* _HOW TO COMPLETE THIS TASK_
For the entries below, repeat exactly each line starting with the one that contains "Mutt Dogs for adoption in Lindsay, CA, USA" and going on through the one that contains "Coleira Tradicional vs", and no others.

* _RECORDS FOR THIS EXERCISE_
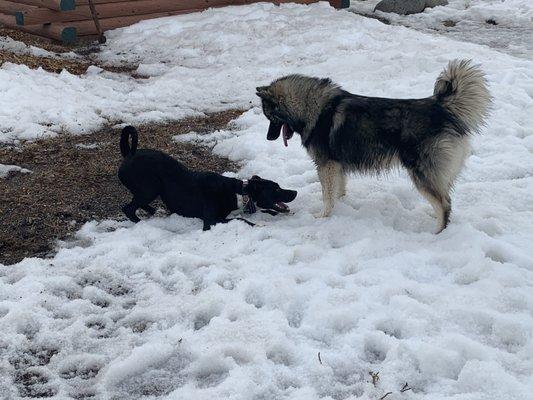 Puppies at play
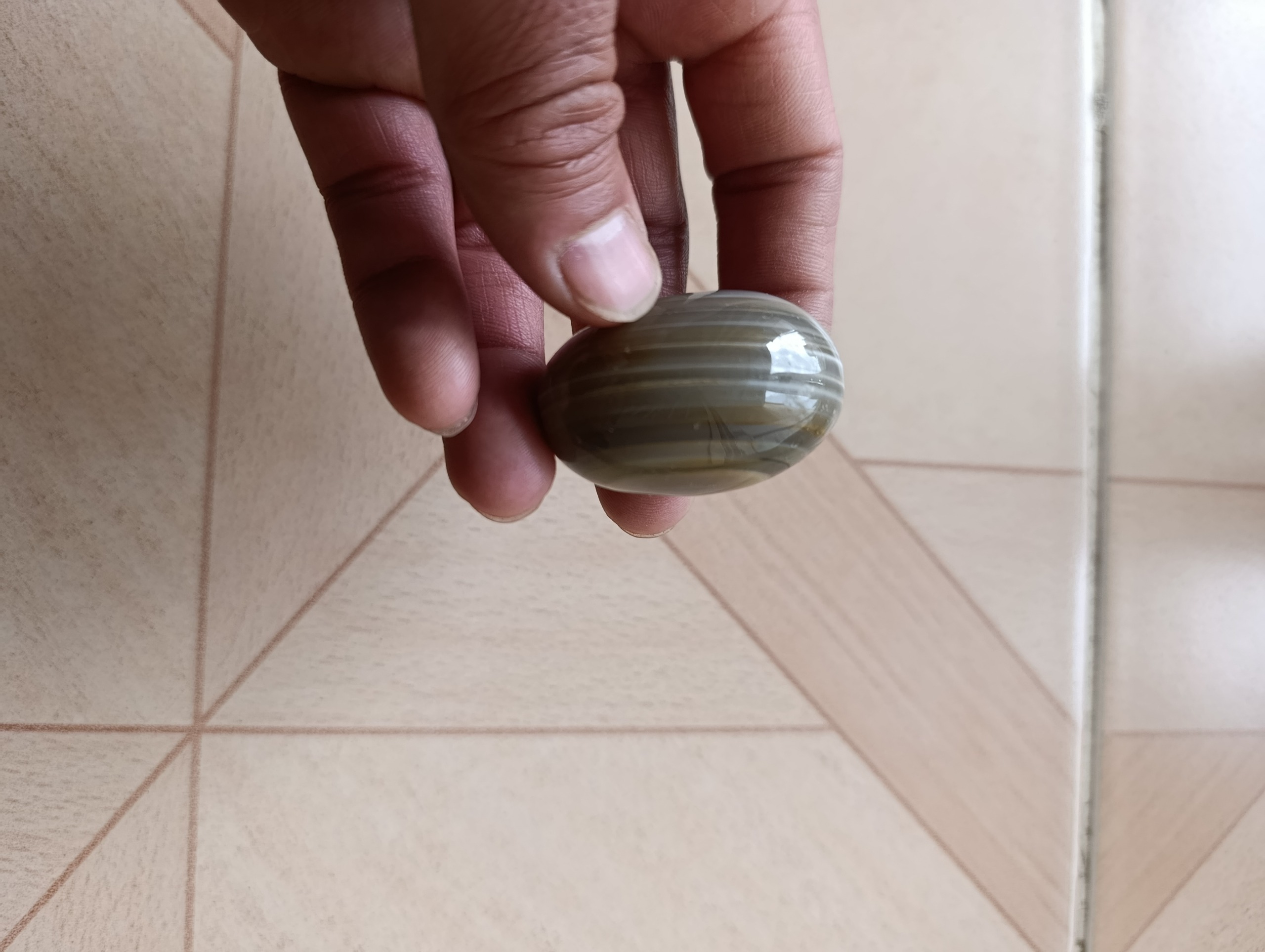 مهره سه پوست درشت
==
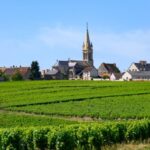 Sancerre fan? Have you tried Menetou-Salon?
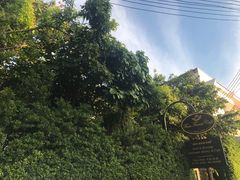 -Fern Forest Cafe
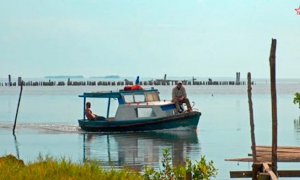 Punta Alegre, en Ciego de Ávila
---
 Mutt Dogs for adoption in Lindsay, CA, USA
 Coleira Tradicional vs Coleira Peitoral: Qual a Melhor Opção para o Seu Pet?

* _YOUR SOLUTION_
 Mutt Dogs for adoption in Lindsay, CA, USA
 Coleira Tradicional vs Coleira Peitoral: Qual a Melhor Opção para o Seu Pet?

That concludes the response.